Blog 3 minute read
Brands are increasingly utilising the social media platforms of celebrities, vloggers, and ‘influencers’ to reach their target audiences and boost sales. The problem with influencer marketing though, is that the commercial relationships are not always obvious, making it difficult for consumers to distinguish between editorial content and advertising. In response, the UK’s Competition and Markets Authority (CMA) and Advertising Standards Authority (ASA) have published clear guidance to influencers and brands.
Influencers and the law
The ASA and CMA recently collaborated to launch new guidance on compliance in September 2018, which broadly applies to social media influencers who have received payment for promoting, advertising or displaying products or services. It should also be understood that brands are accountable for the influencers’ content and must ensure that their influencers comply with the law and the guidelines.
The CMA also produced its own, separate guidance in January 2019, explaining that influencers should clearly state when they have been paid, be clear about their relationship with the brand to avoid giving the impression that they are “just a consumer”, and explain how they received the product or services.
The key for brands to remember is that paid-for influencer posts and messaging (particularly on social media) need to be appropriately labelled. These transparency requirements have not been universally well-received by brands who claim that they ‘water down’ their advertising messages, nor influencers, some of whom see the disclosure requirements as denigrating their image.

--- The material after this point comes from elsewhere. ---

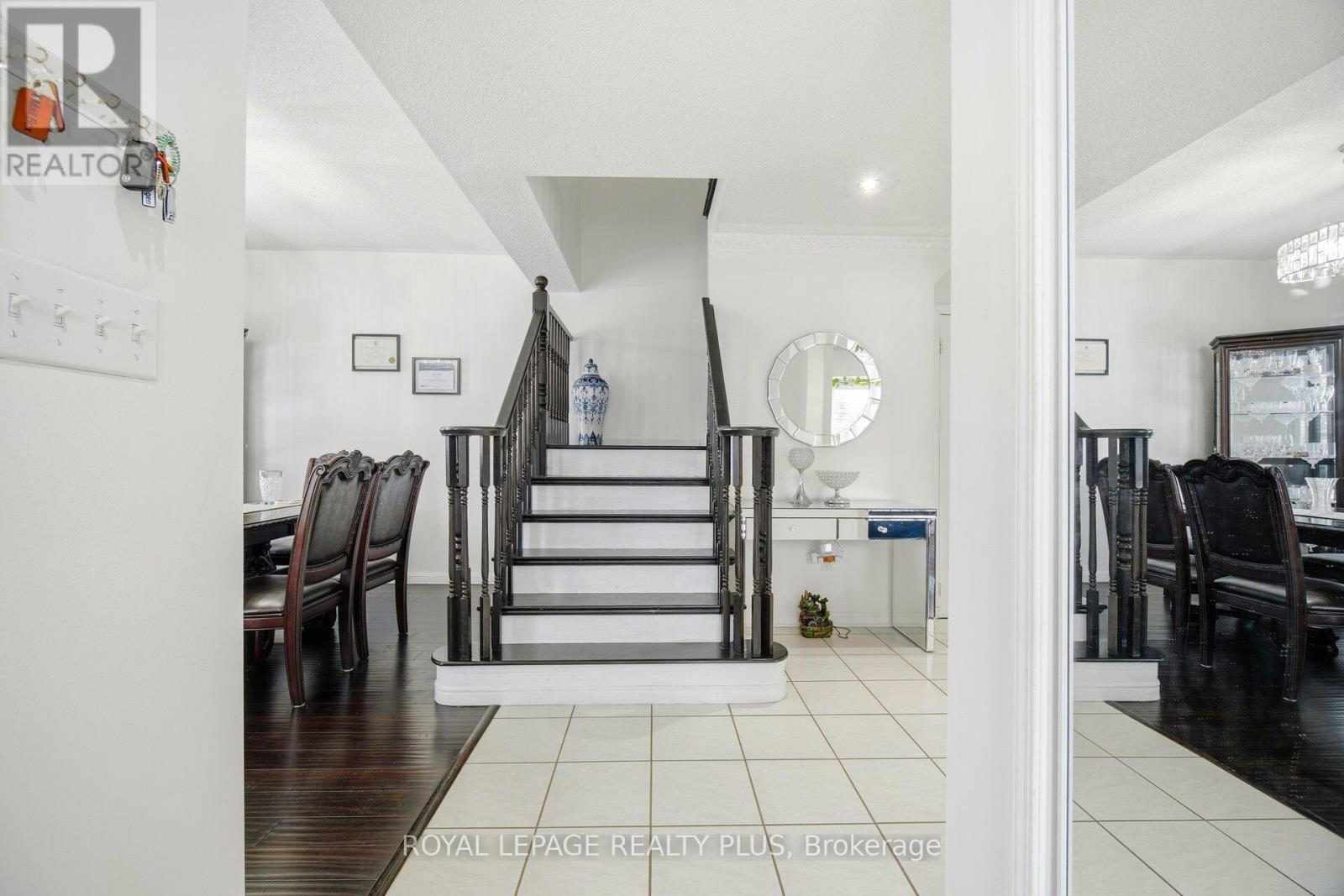 387 Brisdale Drive, Brampton, Ontario  L7A 3K7 - Photo 9 - W12682804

Despite the push from regulators to publish guidance for influencers and advertisers, both groups maintain that the guidance is not sufficiently clear. Additionally, the social media platforms themselves have started to take their own steps to tackle this problem (such as Instagram’s ‘paid partnership’ feature), which has led to increasing confusion for influencers in understanding their obligations.
More regulation is needed
The CMA currently has an open investigation into social media endorsements and, in January 2019, reported that 16 influencers provided undertakings to improve their disclosures when being paid to promote a product. To ensure consistency across platforms, we may see further regulation from the CMA and ASA in the future, as well as more extensive obligations on advertisers to inform their influencers what their responsibilities are.
As the primary party responsible for ensuring compliance with the disclosure requirements, there is increased pressure on advertisers to educate the influencers they work with of their disclosure responsibilities and it is recommended that the specific disclosure requirements be expressly set out in the advertiser’s contract with the influencer. Indeed, this increased pressure on disclosure is not just coming from the regulators, but also the public. High-profile misleading influencer advertising behaviour (such as that revealed in the recent Fyre Festival documentary) have challenged the public’s trust in influencers, and in order to rebuild this trust, appropriate disclosure will be demanded.
The good news
Whilst the regulations and obligations on advertisers may seem like a burden, it can foster a stronger relationship between a brand, its influencers and the public. The hope is that regulation will provide clarity and consistency for brands, ultimately allowing them to identify who are reliable ambassadors for their products and services.
In any case, with influencer marketing being a hot topic for the regulators, platforms and the public, we can expect to see a lot more attention in this space.